I ran through neighborhoods, both real and imagined. Okay, well, “imagined.”

Apparently insurance companies can also set up drinking bars along marathon routes, which is interesting. In most cases they would probably deter things like that.

At the halfway mark I took a screenshot of Runkeeper to save my time – I wanted to have this as a benchmark from my past half marathons to see my pacing and how I was doing. It would be nice if Runkeeper had a lap timer button, or a view that allowed me to see “if she kept going at this pace she will finish a 26.2 in XXXXXX or a 50K in XXXXXX.” Maybe I can put in a feature request?

After this mark I pretty much put my phone away and went to work. It’s where the race began getting difficult. If I were to get truly honest, the race really got difficult somewhere between 18 and 21…sometime around Sea World and getting back on the freeway. I was hurting but not as bad as I thought I would be. I didn’t think I could’ve pushed any harder, but maybe in hindsight I had a little more in me? Probably not. My toes, neck, and back are still recovering and it’s been a few days.

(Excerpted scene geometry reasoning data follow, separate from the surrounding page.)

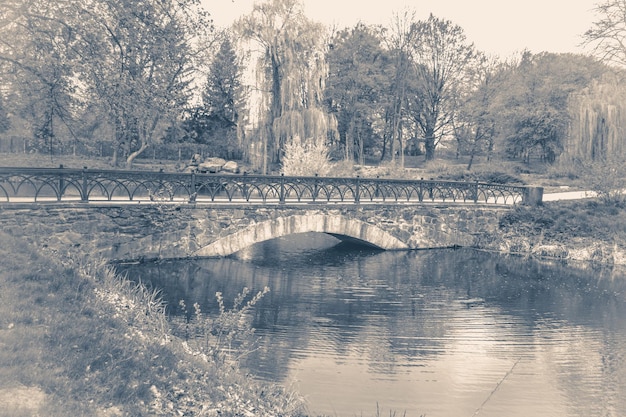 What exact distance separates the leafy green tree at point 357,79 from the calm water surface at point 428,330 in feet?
77.2

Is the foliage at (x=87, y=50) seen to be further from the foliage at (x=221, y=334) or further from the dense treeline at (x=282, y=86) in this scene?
the foliage at (x=221, y=334)

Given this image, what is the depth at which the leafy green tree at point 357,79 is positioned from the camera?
127ft

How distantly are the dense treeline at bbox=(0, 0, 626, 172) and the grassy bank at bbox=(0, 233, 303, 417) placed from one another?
3976 mm

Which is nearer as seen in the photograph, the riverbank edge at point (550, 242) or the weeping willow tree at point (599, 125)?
the riverbank edge at point (550, 242)

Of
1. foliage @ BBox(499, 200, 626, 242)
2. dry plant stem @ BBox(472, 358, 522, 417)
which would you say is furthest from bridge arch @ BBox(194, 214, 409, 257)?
dry plant stem @ BBox(472, 358, 522, 417)

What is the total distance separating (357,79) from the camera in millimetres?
38594

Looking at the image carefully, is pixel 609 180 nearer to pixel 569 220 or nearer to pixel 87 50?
pixel 569 220

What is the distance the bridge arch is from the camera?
49.7ft

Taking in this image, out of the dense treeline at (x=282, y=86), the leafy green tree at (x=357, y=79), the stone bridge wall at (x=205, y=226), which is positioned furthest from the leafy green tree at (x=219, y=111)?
the stone bridge wall at (x=205, y=226)

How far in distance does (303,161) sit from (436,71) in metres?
21.1

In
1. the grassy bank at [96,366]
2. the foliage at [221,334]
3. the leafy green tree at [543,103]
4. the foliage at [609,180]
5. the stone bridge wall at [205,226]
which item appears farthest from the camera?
→ the leafy green tree at [543,103]

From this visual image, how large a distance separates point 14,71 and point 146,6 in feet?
9.00

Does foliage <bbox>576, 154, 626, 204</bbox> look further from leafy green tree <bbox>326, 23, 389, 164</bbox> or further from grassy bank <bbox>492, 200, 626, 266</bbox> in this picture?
leafy green tree <bbox>326, 23, 389, 164</bbox>

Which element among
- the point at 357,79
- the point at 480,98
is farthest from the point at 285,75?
the point at 480,98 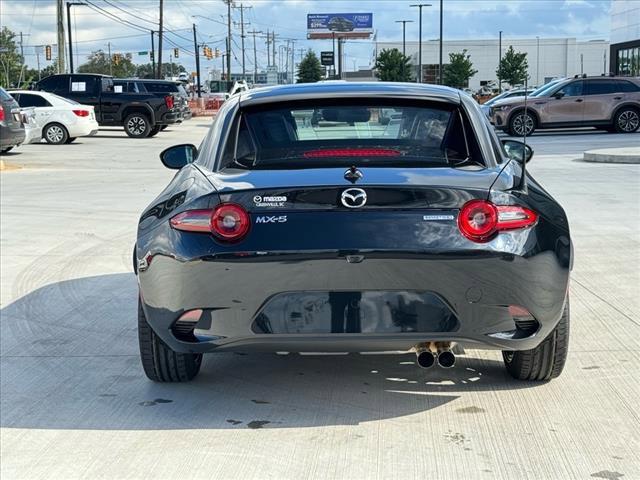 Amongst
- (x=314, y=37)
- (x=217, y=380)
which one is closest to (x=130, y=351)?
(x=217, y=380)

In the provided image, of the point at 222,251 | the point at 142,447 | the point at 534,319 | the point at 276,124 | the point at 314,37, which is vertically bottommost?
the point at 142,447

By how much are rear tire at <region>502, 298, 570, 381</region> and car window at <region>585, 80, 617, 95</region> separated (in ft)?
82.6

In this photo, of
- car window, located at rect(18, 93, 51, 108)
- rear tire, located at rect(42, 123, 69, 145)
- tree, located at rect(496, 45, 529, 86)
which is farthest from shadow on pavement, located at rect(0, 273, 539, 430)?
tree, located at rect(496, 45, 529, 86)

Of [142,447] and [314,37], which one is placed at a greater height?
[314,37]

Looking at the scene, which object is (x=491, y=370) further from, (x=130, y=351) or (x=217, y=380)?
(x=130, y=351)

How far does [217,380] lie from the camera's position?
200 inches

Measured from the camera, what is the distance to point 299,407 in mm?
4605

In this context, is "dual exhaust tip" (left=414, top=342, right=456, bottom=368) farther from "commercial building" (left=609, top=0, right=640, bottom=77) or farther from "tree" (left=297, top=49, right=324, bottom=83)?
"tree" (left=297, top=49, right=324, bottom=83)

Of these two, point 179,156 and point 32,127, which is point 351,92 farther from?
point 32,127

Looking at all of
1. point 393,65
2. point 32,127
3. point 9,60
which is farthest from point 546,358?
point 9,60

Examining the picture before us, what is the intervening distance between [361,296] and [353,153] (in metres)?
0.93

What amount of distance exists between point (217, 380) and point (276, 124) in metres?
1.41

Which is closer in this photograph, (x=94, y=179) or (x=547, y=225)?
(x=547, y=225)

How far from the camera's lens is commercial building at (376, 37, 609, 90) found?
12275cm
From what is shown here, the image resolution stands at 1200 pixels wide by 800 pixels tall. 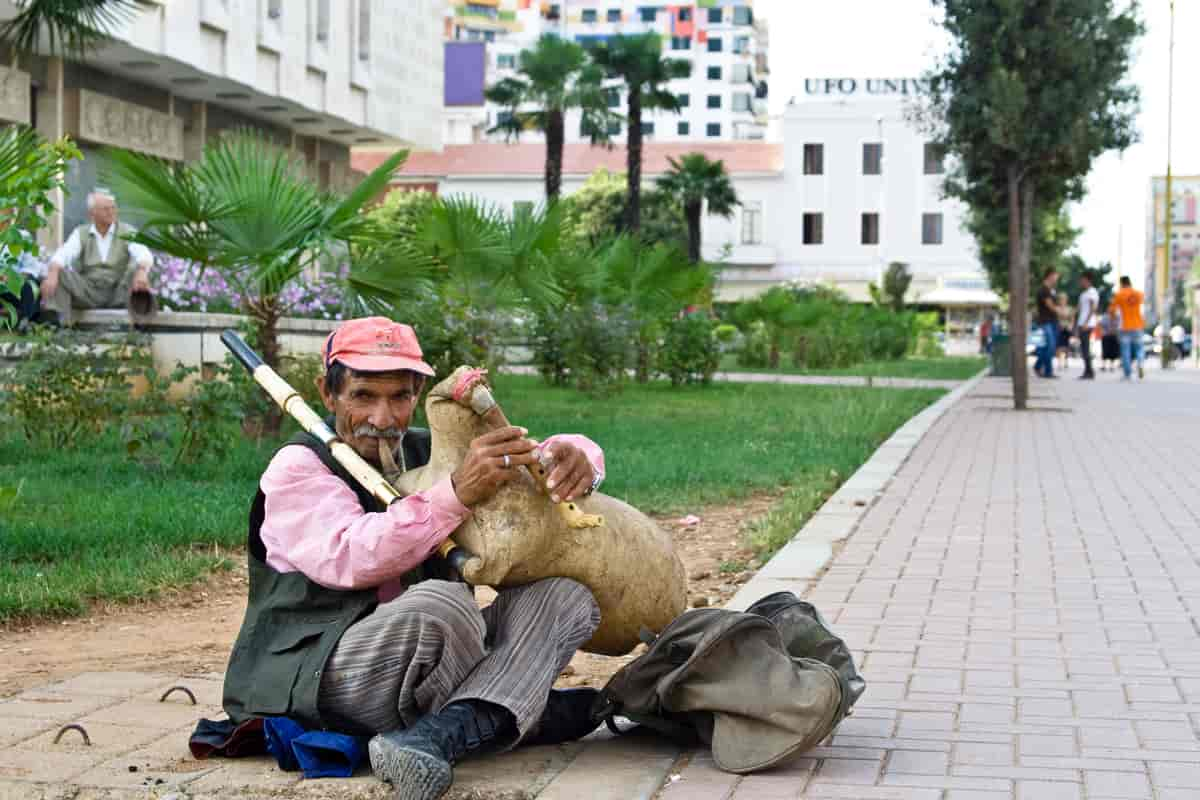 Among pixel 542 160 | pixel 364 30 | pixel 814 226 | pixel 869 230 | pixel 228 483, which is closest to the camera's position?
pixel 228 483

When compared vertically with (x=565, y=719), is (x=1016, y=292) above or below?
above

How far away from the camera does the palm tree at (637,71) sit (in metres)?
45.1

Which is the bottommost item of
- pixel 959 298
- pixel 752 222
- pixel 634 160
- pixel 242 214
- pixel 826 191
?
pixel 242 214

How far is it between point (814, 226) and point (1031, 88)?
193ft

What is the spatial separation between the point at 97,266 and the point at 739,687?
10942 mm

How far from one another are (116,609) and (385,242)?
17.1ft

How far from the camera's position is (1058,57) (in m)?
18.2

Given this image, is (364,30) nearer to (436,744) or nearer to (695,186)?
(695,186)

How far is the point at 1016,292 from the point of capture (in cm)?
1894

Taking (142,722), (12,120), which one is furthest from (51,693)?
(12,120)

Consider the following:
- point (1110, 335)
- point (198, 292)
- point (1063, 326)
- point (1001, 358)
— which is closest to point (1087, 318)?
point (1001, 358)

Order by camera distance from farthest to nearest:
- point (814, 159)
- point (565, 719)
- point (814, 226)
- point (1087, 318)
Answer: point (814, 226)
point (814, 159)
point (1087, 318)
point (565, 719)

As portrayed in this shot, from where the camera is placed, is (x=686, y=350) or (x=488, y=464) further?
(x=686, y=350)

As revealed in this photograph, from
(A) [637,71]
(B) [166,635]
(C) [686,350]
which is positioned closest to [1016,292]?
(C) [686,350] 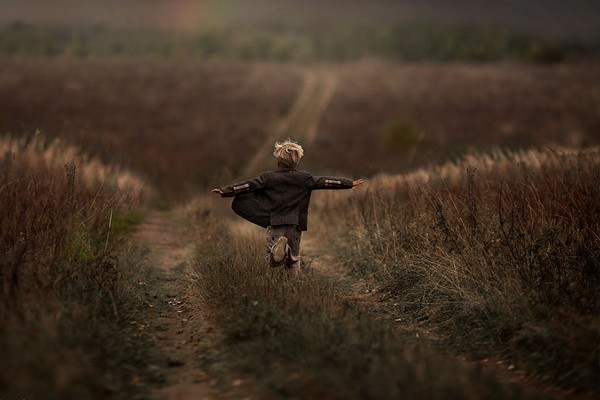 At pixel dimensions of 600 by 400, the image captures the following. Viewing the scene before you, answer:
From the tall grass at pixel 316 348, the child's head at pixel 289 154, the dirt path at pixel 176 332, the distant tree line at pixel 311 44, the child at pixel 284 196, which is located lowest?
the dirt path at pixel 176 332

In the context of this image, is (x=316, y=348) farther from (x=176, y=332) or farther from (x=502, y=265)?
(x=502, y=265)

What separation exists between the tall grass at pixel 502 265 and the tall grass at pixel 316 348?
71 centimetres

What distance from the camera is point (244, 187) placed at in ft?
19.0

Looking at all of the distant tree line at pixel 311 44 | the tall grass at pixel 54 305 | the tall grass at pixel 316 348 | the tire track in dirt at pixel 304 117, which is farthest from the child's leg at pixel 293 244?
the distant tree line at pixel 311 44

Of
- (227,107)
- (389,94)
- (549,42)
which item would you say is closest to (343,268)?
(227,107)

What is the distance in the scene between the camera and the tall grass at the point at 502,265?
13.3 ft

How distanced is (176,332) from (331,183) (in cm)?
209

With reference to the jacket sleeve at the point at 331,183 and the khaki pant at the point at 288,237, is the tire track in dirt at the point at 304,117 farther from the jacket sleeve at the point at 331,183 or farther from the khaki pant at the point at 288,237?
the jacket sleeve at the point at 331,183

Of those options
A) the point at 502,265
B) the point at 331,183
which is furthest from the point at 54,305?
the point at 502,265

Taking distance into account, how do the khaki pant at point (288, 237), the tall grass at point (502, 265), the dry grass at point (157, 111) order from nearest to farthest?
the tall grass at point (502, 265) < the khaki pant at point (288, 237) < the dry grass at point (157, 111)

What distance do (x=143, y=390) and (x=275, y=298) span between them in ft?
4.70

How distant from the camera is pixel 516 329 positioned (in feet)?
14.4

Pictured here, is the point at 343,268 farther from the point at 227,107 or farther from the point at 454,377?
the point at 227,107

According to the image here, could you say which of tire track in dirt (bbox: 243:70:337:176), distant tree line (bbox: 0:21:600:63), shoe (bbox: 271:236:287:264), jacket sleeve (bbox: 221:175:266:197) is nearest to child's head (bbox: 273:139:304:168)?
jacket sleeve (bbox: 221:175:266:197) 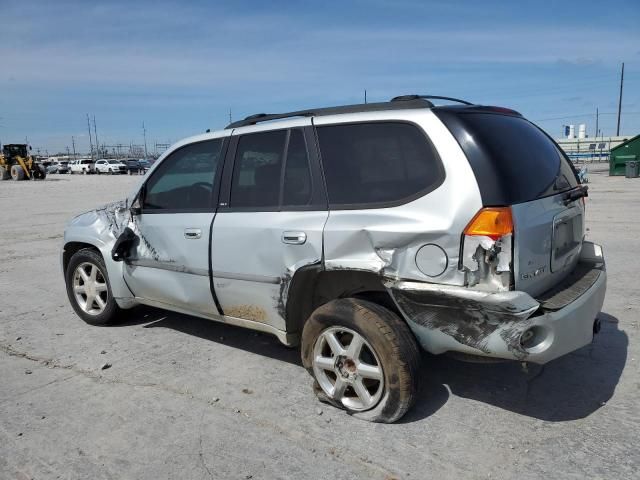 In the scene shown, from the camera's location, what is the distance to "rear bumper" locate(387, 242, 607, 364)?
270cm

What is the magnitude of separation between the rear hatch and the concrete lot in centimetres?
83

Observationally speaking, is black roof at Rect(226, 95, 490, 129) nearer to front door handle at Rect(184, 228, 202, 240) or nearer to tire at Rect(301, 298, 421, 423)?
front door handle at Rect(184, 228, 202, 240)

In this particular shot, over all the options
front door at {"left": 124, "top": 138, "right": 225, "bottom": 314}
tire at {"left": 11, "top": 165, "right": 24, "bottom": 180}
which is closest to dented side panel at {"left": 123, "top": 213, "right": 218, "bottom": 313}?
front door at {"left": 124, "top": 138, "right": 225, "bottom": 314}

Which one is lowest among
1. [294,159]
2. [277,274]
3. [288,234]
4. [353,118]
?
[277,274]

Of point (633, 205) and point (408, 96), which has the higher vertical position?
point (408, 96)

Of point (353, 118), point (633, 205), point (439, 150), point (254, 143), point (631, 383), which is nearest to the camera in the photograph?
point (439, 150)

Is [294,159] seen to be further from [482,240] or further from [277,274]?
[482,240]

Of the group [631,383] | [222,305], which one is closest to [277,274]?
[222,305]

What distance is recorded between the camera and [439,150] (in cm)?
292

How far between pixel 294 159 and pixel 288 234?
53 cm

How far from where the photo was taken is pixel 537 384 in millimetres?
3613

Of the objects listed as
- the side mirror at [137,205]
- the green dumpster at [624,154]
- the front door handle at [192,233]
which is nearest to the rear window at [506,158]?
the front door handle at [192,233]

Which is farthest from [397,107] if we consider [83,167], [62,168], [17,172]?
[62,168]

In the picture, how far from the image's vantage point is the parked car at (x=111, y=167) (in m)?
54.0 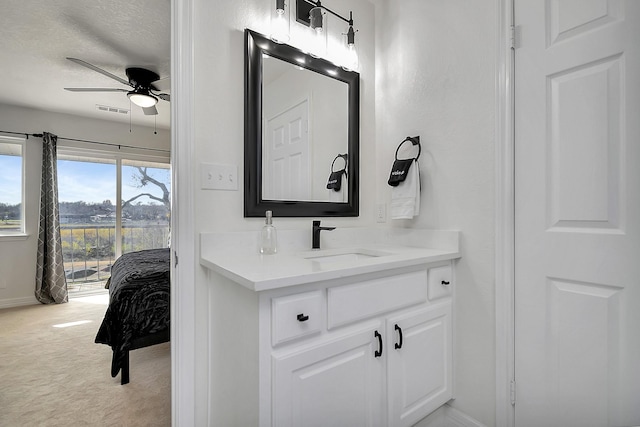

I can rarely muster a smile at mile 25, so I decided to give it a try. It worked, sort of. I kept going. Notice the lack of parallel lines everywhere! My ankles are super angry at me.

I ran through mile 25-26.2. As I whizzed past the 26th mile marker I snapped this because I couldn’t bother stopping for it. I had a PR I was gunning for!

After the finish, I was elated. My finish time was 6:17:02.

I had beat my 6-year old marathon PR by 6 minutes 23 seconds.

I beat my last marathon time (WDW in January, 6 months old) by 18 minutes 10 seconds.

I worked for it, and I’m thankful for that little raspberry watch on my right wrist that helped get me there.

I’m also very thankful for the support of my husband, Erik, and my new friend Arlene, who both peer pressured me into taking on the race and the 7-hour time limit, even though I thought I’d be cutting it a bit too close. For once, peer pressure for good!

All in all, a happy ending. I know that knocking off this much time off of consecutive races is really hard. My goal time for Rock n Roll Arizona is 5:40, which is pretty much another 40 minutes off my now best time. It’ll be a lot of work, but let’s see if I can’t do it again. I have 6 months to focus on nutrition, sleep, and to be more mindful of my speed training, so we shall see!

Race Recap: Rock n Roll Liverpool 2017 Remix Challenge

 

After much anticipation, we touched down in Manchester for a quick afternoon, wandered the city for a bit, and then boarded a train to Liverpool the next morning. Despite the tragedy that struck just a day or so earlier, we found a lot of love and beauty in the city:

The next morning, we boarded a train to Liverpool. We made it to the expo after enjoying the scenic route. The costumes at this expo were much more exciting than others, because obviously THE BEATLES:

I mean, seriously, why do I even run if this coat is going to make me look fat?

Maybe the glasses will distract you!

So, I signed up for the remix challenge, which includes two days of running, a 5K and a half marathon. It seemed like a good idea at the time. I’ve been working on my speed a bit, so I thought that it’d be¬†a good idea to use the 5K as a fitness test.

Well, things did not go quite as planned for the 5K. They mostly did, but I was really thirsty!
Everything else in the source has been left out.